As the president of Strategic Solutions, a consulting firm in Las Vegas, Terry Murphy works with businesses, governments, and political candidates. She has worked with and for various state government agencies. Murphy organized Nevadans for the Protection of Property Rights, the lead plaintiff in Nevadans for the Protection of Property Rights v. Heller.
[Editor’s note: This interview took place before the Nevada Supreme Court’s ruling in Nevadans for the Protection of Property Rights v. Heller, which removed the regulatory-takings provisions and some eminent-domain provisions from the ballot initiative.]

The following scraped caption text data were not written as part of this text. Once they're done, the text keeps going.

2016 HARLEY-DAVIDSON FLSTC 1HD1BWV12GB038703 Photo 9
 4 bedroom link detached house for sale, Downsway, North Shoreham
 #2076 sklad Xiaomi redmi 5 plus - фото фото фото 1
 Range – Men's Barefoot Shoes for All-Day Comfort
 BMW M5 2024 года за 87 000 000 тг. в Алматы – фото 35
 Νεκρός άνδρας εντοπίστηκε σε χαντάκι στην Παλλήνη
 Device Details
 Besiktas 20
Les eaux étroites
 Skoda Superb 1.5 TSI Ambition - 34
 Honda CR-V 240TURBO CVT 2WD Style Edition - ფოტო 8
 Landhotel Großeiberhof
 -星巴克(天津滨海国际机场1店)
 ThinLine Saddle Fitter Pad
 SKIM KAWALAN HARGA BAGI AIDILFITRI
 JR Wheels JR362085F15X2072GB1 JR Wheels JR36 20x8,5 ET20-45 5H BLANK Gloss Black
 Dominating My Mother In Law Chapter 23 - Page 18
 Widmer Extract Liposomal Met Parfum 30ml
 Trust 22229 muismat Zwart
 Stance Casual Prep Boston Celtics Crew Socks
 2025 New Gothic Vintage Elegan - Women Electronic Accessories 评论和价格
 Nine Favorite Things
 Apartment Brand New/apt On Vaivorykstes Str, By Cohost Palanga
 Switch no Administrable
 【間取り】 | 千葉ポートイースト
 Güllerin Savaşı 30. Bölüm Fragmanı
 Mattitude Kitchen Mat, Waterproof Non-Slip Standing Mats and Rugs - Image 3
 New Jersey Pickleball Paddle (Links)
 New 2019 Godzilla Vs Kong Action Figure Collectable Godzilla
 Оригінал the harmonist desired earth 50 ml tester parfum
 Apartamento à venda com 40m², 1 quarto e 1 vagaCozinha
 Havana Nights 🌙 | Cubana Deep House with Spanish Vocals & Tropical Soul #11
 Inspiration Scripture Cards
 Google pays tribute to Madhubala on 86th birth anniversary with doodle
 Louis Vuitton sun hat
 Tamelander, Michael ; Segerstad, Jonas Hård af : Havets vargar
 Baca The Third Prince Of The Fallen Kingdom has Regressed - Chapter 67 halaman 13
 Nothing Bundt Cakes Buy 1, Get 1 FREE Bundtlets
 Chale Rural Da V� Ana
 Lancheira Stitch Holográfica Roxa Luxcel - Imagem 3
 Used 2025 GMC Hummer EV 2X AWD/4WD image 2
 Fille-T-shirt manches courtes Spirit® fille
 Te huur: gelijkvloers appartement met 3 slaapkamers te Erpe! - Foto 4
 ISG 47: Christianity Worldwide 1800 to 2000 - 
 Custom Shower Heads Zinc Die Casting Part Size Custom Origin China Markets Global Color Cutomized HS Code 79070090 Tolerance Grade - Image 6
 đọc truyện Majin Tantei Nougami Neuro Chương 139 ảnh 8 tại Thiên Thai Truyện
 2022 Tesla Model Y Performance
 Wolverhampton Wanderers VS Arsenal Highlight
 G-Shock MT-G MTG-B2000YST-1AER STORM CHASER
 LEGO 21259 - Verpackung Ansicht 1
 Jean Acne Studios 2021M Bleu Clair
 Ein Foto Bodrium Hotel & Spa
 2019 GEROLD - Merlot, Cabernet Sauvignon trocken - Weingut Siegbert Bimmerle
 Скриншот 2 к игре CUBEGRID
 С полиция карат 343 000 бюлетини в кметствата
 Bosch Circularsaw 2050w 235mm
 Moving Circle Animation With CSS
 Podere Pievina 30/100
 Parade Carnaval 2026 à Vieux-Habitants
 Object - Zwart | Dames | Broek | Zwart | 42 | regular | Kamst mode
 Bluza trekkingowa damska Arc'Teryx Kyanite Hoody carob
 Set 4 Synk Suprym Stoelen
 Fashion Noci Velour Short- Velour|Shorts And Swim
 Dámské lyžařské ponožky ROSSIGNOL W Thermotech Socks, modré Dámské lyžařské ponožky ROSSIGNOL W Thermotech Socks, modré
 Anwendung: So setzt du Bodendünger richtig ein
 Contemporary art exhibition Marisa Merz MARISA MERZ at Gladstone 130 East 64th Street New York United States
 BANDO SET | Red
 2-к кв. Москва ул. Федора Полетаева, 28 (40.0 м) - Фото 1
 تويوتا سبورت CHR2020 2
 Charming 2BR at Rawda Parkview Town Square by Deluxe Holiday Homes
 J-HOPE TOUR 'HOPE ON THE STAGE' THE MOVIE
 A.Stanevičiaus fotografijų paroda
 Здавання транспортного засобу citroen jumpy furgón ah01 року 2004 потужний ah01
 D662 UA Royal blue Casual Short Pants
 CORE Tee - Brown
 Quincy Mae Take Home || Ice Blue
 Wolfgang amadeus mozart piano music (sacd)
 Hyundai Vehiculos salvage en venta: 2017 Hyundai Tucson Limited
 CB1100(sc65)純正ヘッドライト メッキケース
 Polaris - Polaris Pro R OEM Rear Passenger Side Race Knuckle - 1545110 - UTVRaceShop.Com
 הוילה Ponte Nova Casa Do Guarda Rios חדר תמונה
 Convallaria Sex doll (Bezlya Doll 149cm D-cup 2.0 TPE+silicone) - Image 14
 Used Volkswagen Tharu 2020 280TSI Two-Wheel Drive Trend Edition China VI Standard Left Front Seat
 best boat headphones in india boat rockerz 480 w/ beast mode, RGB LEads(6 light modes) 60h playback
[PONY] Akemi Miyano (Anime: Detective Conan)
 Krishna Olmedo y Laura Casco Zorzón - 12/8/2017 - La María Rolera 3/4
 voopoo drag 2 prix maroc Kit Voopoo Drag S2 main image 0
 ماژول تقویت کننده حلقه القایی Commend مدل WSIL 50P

[Editor’s note: A reference in the original transcript to Laura FitzSimmons, an eminent domain attorney in Nevada, was deleted on June 6, 2007, after she contacted the Center to point out that she “had no involvement with the initiative and did not contribute one dime to its passage.”]
Last week there was a challenge in the Supreme Court. As I understand it, they accepted briefs but didn’t do oral arguments — is that correct?
No, they did oral arguments.
And how did that go?
I think it went very, very well. I was not there, but from what I heard and read, Mr. Waters when presenting his case — one of our arguments was that the state of Nevada has a single-subject rule, that a constitutional amendment be only one subject — said in his argument, “Yes, this is Kelo [v. City of New London] plus.” So it’s more than just the one subject. So I think it went very well. We’ve got our fingers crossed.
The reason the Superior Court rejected it was a ripeness question?
No, I think that they rejected it because they felt that because they had so many signatures, the people should have the right to decide it. I think it was a political decision.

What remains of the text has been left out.